____ Provided material

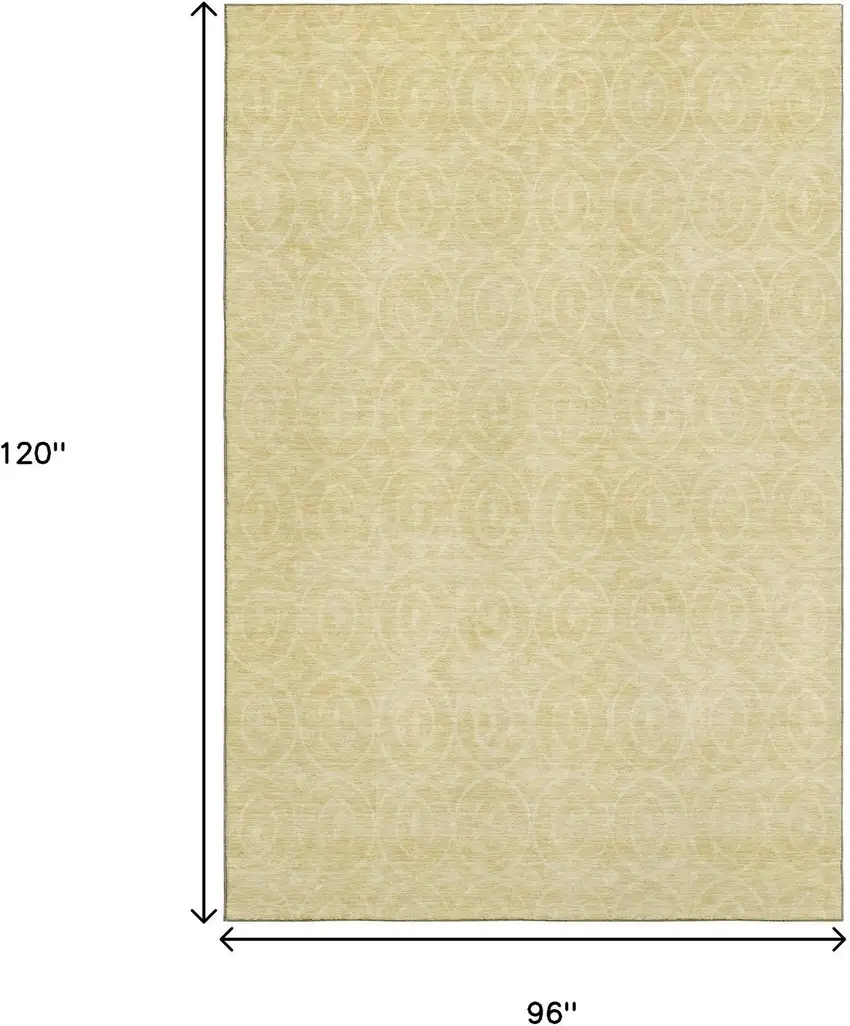 8' Wheat And Gold Geometric Washable Area Rug With UV Protection Photo 7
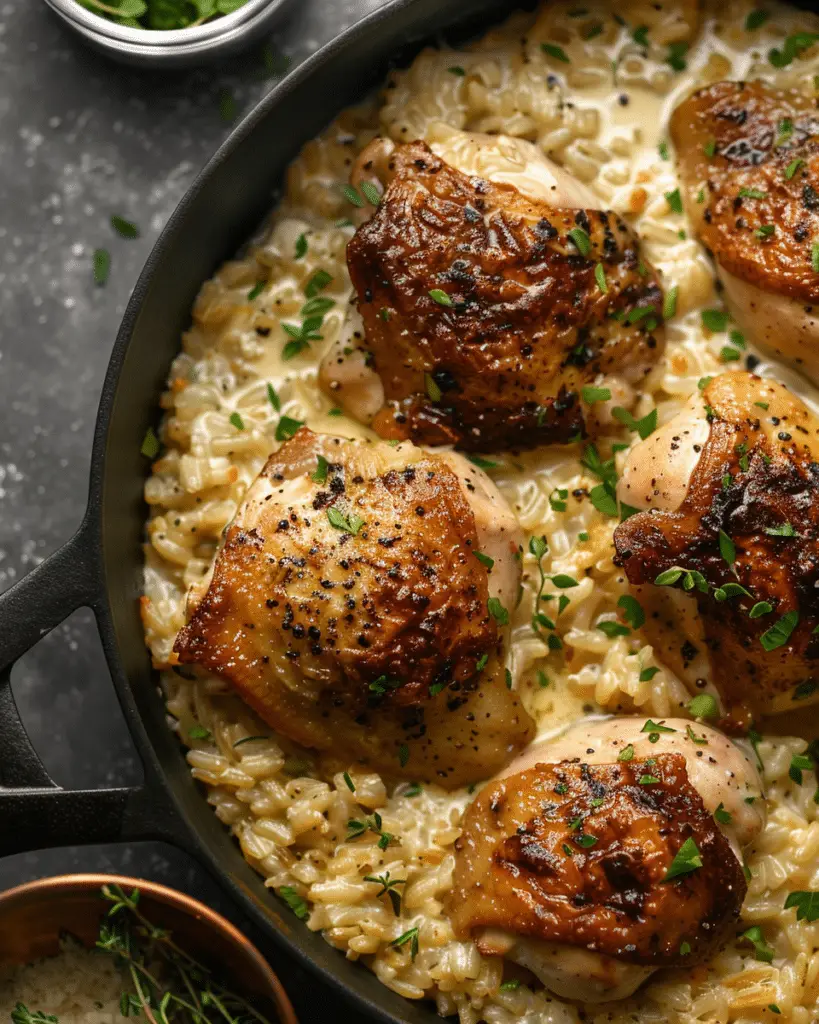 One-Pan Creamy Parmesan Chicken and Rice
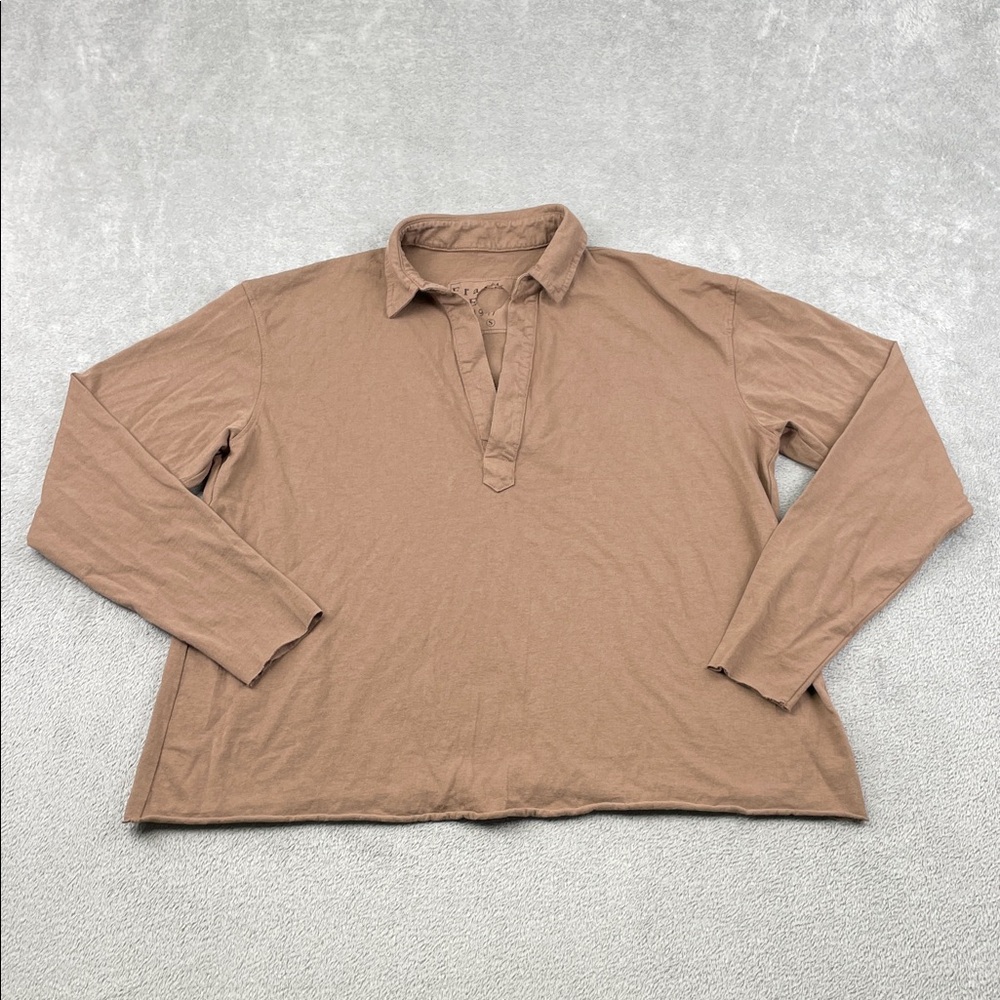 Frank‎ & Eileen S 100% Cotton Brown Long Sleeve Patrick Popover Top USA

________

Problem requirements >>
Every line of the data above is to be repeated exactly; the images are to be left out.

Output below >>
 8' Wheat And Gold Geometric Washable Area Rug With UV Protection Photo 7
 One-Pan Creamy Parmesan Chicken and Rice
 Frank‎ & Eileen S 100% Cotton Brown Long Sleeve Patrick Popover Top USA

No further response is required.